Locate the line that contains "30x50cm Plaid Cushion" in the entries below, then repeat it and every following line through the line that contains "Omega-3 1000mg -120caps.", exactly, and no others.

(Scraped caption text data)
※

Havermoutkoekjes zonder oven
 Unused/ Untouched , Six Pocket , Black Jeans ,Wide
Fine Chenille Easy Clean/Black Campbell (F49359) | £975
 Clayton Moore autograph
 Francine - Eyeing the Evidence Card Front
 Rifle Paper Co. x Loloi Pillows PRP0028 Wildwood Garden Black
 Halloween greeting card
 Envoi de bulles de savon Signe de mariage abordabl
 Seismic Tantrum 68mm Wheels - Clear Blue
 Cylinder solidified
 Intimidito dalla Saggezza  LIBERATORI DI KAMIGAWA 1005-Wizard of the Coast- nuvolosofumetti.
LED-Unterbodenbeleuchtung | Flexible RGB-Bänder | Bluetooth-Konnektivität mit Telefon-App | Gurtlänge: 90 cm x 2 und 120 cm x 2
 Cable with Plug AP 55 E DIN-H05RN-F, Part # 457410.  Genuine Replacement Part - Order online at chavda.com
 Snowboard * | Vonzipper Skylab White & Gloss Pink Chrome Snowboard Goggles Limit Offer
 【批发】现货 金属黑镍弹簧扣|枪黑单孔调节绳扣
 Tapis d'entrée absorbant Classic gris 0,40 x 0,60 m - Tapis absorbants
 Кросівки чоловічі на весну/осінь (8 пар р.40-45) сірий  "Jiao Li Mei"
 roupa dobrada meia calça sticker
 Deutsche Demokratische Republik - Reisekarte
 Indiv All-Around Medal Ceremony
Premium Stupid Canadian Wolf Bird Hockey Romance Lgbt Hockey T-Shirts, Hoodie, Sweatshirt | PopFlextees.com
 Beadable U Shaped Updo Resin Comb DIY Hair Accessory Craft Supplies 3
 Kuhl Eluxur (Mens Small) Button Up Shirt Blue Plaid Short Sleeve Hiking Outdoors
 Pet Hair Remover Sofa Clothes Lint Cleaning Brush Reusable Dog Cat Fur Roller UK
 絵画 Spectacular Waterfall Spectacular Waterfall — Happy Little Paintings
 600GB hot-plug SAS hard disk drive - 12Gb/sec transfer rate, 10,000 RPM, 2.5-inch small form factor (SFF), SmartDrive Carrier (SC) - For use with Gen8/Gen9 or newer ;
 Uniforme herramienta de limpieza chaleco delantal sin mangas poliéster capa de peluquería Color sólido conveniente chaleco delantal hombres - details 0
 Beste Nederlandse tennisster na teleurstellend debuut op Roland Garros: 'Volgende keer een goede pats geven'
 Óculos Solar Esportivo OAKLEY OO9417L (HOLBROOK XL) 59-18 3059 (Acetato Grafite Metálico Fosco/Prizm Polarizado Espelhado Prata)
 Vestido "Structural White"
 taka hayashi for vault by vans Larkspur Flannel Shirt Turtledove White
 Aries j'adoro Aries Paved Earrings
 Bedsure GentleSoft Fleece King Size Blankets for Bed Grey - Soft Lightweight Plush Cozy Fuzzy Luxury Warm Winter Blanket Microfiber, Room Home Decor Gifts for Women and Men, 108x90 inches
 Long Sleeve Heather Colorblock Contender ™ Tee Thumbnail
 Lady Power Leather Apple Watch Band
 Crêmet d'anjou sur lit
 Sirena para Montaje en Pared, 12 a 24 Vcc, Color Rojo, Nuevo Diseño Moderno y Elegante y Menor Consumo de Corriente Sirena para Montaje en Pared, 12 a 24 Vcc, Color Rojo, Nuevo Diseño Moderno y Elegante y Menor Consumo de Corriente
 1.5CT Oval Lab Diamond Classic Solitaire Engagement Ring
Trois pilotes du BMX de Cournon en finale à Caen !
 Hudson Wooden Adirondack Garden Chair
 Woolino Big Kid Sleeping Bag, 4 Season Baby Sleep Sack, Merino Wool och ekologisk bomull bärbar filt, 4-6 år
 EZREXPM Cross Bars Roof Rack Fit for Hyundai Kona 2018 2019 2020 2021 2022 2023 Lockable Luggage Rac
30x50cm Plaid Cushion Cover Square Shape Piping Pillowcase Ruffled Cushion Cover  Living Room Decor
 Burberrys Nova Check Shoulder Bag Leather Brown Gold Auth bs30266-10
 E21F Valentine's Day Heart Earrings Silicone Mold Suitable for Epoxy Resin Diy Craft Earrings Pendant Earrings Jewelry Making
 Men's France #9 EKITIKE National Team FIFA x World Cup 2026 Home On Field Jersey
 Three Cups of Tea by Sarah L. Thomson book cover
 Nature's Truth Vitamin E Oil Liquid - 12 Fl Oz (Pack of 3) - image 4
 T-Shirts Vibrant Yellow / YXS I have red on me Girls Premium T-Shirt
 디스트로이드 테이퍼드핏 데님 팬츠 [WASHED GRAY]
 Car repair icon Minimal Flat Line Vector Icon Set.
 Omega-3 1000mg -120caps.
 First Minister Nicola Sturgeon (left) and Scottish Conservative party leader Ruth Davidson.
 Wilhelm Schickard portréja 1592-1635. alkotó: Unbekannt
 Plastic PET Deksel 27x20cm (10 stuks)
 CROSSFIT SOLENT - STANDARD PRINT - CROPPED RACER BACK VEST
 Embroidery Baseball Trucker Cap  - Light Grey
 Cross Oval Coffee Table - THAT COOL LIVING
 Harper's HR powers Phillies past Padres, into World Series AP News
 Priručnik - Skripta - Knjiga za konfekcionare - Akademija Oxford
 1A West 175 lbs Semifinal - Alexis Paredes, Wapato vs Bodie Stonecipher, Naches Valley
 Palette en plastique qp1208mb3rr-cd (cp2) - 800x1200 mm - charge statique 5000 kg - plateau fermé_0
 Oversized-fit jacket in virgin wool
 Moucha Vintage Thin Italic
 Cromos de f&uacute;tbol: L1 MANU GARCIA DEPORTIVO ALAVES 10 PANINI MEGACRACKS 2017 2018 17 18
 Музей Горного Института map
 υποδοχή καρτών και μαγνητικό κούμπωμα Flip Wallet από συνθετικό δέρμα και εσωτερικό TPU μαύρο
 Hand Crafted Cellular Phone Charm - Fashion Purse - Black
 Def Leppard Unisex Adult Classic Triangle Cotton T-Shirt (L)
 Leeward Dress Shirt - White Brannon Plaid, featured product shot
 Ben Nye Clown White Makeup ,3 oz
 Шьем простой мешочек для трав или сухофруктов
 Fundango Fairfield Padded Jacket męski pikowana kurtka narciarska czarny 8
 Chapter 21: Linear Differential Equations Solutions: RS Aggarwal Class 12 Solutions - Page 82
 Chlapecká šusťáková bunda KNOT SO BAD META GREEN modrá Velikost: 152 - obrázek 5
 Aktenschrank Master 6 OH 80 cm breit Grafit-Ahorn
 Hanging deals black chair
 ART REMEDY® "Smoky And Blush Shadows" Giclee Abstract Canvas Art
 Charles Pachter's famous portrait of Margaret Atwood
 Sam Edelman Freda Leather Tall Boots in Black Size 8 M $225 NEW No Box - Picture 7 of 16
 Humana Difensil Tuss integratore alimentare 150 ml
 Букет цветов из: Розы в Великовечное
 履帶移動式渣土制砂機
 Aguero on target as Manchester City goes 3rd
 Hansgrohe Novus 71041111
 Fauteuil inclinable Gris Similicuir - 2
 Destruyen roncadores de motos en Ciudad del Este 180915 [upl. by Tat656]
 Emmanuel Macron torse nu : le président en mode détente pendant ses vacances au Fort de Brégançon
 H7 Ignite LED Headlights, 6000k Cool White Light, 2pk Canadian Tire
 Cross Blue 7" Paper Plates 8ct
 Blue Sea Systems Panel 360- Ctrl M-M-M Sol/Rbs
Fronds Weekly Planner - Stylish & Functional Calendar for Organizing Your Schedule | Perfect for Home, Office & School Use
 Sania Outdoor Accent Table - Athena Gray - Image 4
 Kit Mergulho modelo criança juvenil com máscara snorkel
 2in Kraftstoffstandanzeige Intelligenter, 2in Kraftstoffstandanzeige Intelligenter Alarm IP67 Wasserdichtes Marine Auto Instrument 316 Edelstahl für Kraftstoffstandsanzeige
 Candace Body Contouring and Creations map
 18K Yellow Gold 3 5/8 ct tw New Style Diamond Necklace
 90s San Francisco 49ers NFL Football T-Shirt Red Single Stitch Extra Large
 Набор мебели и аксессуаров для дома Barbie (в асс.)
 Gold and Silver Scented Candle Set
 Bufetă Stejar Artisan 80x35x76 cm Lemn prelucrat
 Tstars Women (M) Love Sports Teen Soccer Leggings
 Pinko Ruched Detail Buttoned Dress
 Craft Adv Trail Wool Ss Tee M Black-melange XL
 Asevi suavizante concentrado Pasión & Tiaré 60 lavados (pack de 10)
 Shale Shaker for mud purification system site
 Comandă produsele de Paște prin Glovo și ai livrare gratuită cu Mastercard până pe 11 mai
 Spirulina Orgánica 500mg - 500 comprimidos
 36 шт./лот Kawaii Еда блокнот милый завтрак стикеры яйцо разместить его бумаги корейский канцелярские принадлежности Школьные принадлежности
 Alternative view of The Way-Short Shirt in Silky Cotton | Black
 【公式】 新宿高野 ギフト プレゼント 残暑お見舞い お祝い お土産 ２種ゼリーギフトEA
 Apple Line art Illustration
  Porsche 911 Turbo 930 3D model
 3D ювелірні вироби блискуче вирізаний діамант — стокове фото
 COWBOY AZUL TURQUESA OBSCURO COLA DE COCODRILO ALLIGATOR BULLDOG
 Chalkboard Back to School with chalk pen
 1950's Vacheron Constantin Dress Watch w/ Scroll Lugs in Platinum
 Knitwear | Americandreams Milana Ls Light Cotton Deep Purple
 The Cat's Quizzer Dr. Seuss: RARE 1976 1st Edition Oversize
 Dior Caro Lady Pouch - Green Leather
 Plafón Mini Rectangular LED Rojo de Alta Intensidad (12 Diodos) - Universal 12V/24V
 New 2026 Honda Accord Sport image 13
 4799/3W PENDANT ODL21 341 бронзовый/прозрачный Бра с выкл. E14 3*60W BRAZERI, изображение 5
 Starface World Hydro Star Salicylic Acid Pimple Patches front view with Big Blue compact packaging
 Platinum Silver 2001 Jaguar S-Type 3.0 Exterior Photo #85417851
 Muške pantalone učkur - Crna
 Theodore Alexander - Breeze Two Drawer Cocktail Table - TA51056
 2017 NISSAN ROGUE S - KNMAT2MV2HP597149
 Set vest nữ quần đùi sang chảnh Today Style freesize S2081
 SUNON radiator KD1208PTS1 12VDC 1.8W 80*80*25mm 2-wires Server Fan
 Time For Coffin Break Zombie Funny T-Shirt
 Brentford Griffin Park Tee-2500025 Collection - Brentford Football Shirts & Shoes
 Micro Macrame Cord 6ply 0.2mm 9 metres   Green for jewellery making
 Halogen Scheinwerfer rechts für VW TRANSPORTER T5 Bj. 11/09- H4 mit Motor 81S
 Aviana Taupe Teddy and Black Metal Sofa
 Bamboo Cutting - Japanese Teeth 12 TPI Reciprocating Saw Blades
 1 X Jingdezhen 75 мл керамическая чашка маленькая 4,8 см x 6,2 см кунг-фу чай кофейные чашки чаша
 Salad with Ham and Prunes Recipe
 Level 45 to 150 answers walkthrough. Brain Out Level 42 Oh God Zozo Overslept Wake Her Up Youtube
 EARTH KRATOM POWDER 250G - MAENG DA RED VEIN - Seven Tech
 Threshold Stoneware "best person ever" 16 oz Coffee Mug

※

SOLUTION FOR THIS PROBLEM:
30x50cm Plaid Cushion Cover Square Shape Piping Pillowcase Ruffled Cushion Cover  Living Room Decor
 Burberrys Nova Check Shoulder Bag Leather Brown Gold Auth bs30266-10
 E21F Valentine's Day Heart Earrings Silicone Mold Suitable for Epoxy Resin Diy Craft Earrings Pendant Earrings Jewelry Making
 Men's France #9 EKITIKE National Team FIFA x World Cup 2026 Home On Field Jersey
 Three Cups of Tea by Sarah L. Thomson book cover
 Nature's Truth Vitamin E Oil Liquid - 12 Fl Oz (Pack of 3) - image 4
 T-Shirts Vibrant Yellow / YXS I have red on me Girls Premium T-Shirt
 디스트로이드 테이퍼드핏 데님 팬츠 [WASHED GRAY]
 Car repair icon Minimal Flat Line Vector Icon Set.
 Omega-3 1000mg -120caps.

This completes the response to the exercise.